# Supplied entries
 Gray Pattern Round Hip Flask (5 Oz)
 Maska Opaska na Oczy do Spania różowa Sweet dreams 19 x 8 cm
---
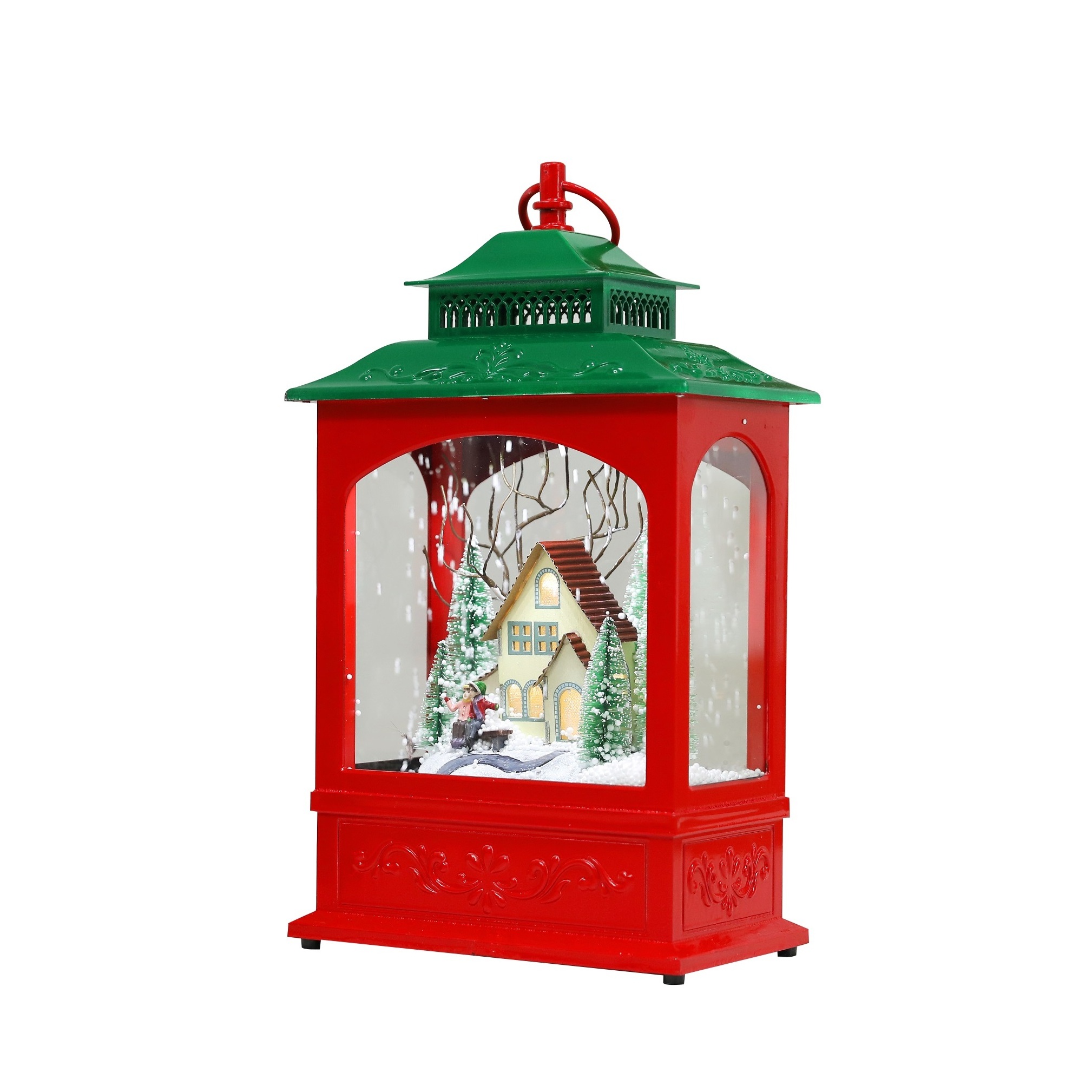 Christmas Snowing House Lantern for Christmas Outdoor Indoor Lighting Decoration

# What needs to be done
Retype, in the same exact form, the lines of the material above from the line holding "Gray Pattern Round Hip Flask (5 Oz)" through the line holding "Maska Opaska na".

# Expected answer
 Gray Pattern Round Hip Flask (5 Oz)
 Maska Opaska na Oczy do Spania różowa Sweet dreams 19 x 8 cm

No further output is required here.